- Instructions for the task -
The lines to extract run from the start of the records through the line with "There is a little", both ends included; drop the pictures.

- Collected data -
════
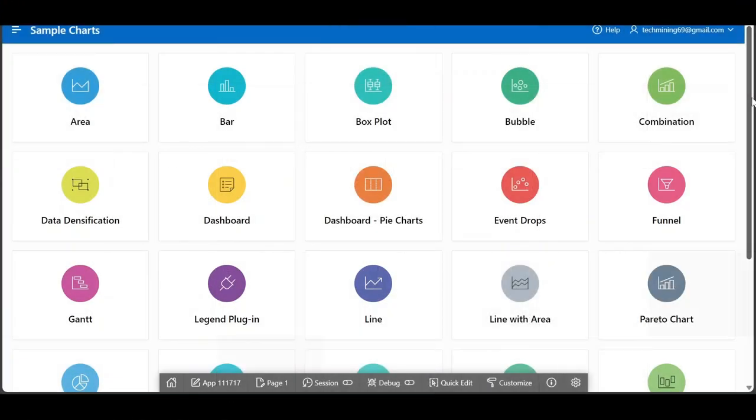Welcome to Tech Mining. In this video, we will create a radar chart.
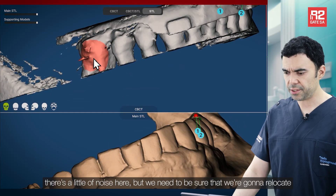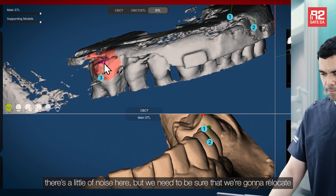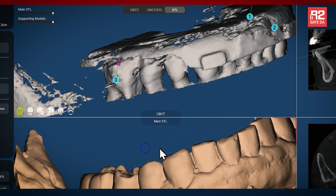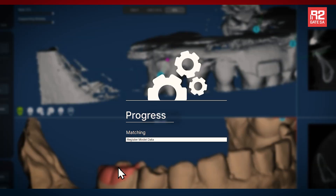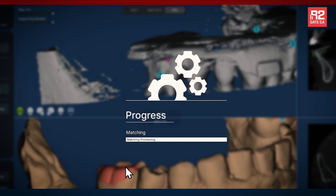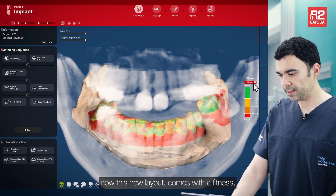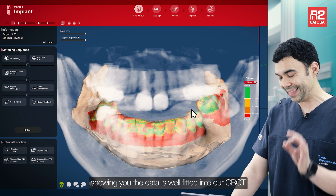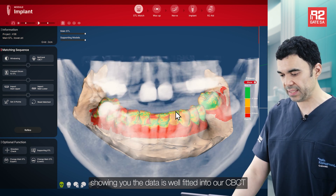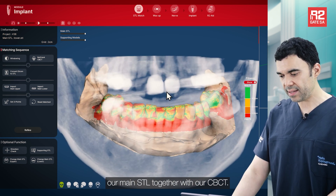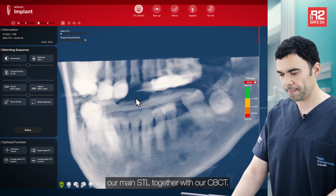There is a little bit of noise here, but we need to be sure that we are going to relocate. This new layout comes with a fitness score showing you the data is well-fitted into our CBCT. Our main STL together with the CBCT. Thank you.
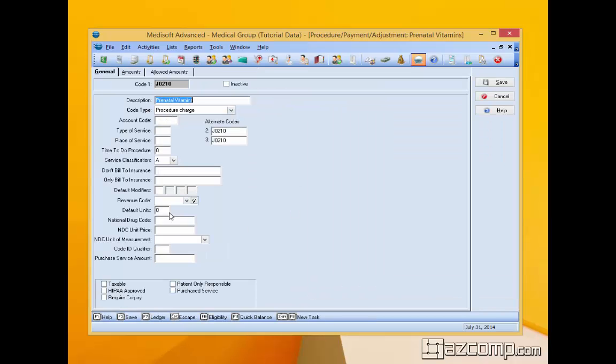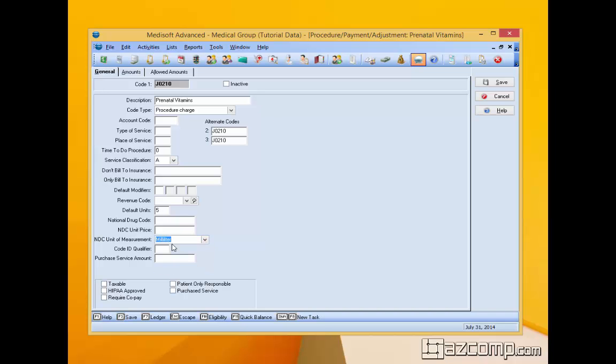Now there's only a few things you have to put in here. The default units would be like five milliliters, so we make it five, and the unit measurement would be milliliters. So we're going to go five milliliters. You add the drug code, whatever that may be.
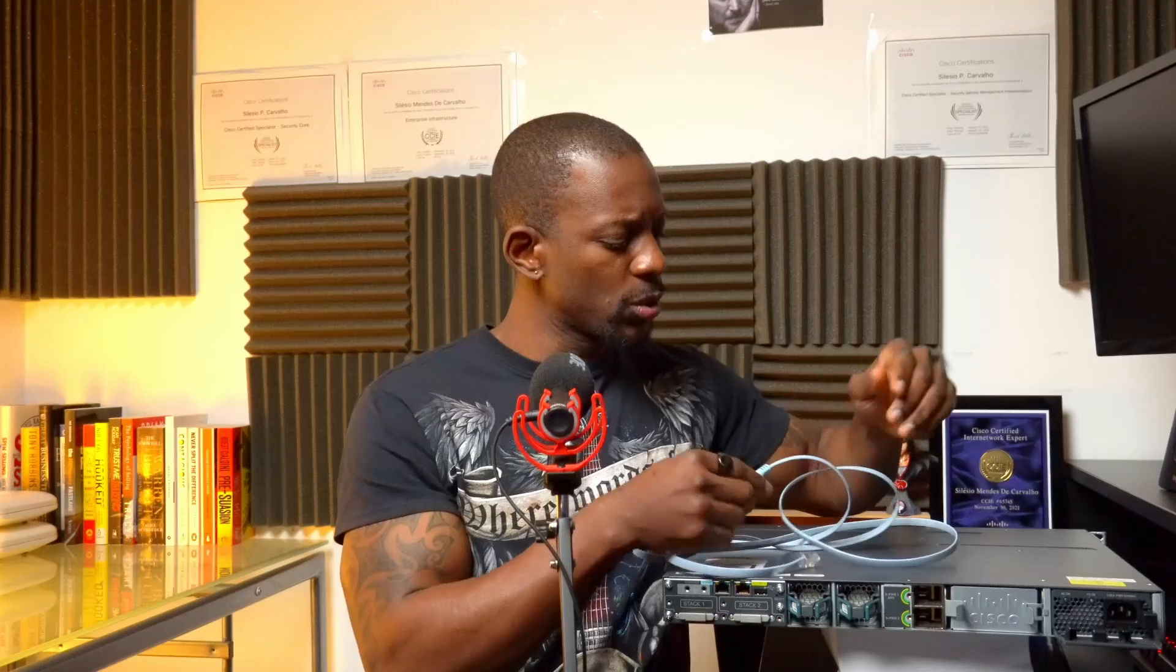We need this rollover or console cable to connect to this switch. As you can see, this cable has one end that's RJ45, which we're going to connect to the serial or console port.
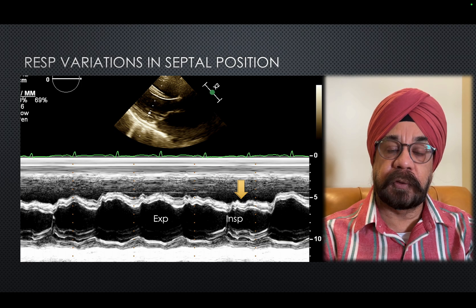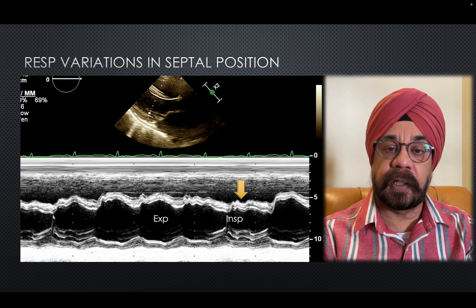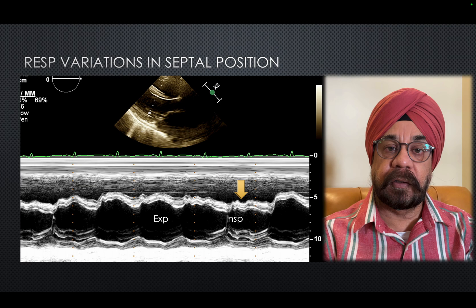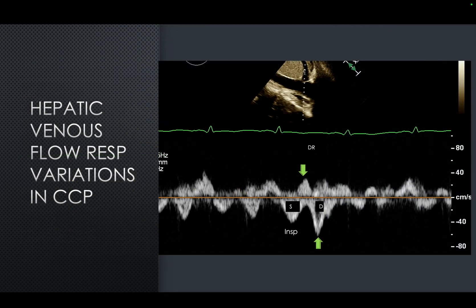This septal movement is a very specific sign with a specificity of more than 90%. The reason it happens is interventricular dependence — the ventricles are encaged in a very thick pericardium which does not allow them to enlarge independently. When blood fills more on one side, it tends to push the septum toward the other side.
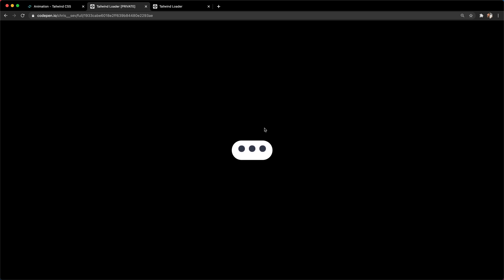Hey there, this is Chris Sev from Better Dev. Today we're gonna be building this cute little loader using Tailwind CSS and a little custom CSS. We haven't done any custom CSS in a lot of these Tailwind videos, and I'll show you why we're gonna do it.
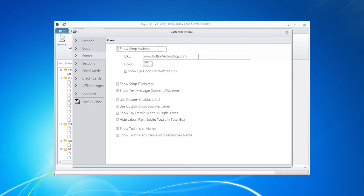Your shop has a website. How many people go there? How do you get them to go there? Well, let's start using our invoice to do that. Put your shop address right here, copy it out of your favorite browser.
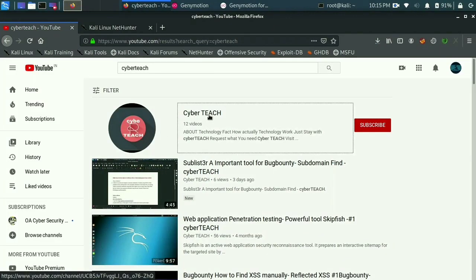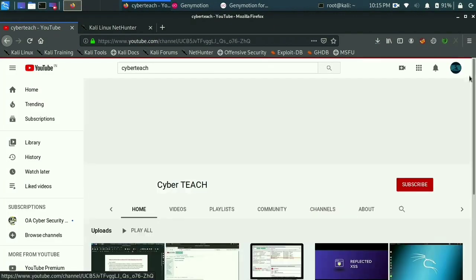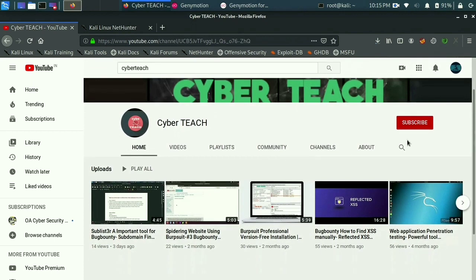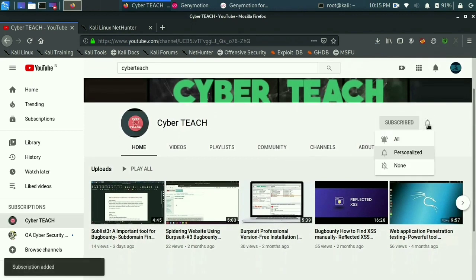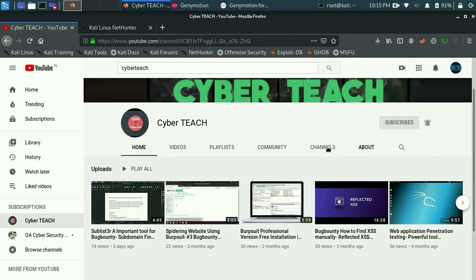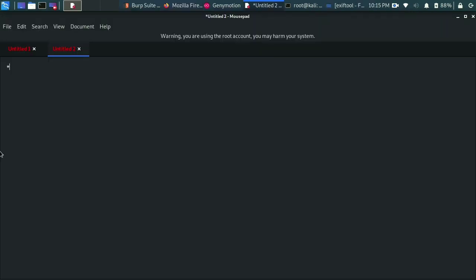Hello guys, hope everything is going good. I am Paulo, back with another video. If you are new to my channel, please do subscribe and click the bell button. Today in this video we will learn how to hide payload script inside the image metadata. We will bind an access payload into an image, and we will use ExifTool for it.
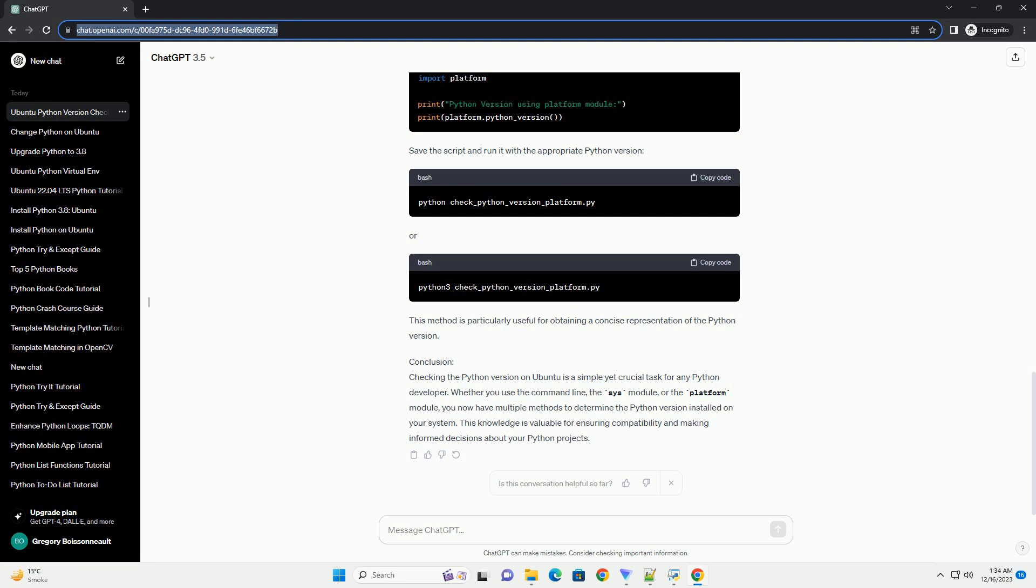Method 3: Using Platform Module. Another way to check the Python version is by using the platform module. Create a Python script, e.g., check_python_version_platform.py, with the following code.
════
- Task response -
Welcome to Tech Mining. In this video, we will create a radar chart.
There is a little bit of noise here, but we need to be sure that we are going to relocate. This new layout comes with a fitness score showing you the data is well-fitted into our CBCT. Our main STL together with the CBCT. Thank you.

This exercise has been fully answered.